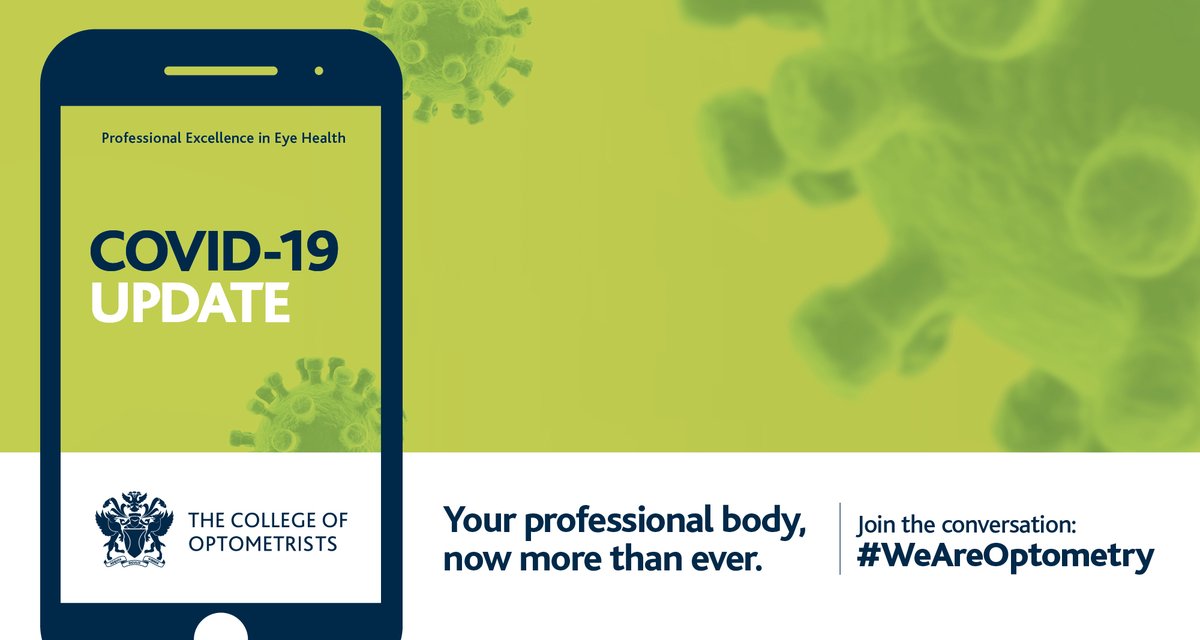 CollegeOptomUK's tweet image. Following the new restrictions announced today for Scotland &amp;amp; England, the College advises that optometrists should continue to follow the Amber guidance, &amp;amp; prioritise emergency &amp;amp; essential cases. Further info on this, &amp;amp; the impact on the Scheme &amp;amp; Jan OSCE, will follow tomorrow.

* * *

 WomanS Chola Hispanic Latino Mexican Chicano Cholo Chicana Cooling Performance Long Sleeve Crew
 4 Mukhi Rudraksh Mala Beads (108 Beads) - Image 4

• What you have to do:
Please copy the lines above from the line with "WomanS Chola Hispanic" up to and including the line with "4 Mukhi Rudraksh", exactly as written and with nothing else.

• Task solution:
 WomanS Chola Hispanic Latino Mexican Chicano Cholo Chicana Cooling Performance Long Sleeve Crew
 4 Mukhi Rudraksh Mala Beads (108 Beads) - Image 4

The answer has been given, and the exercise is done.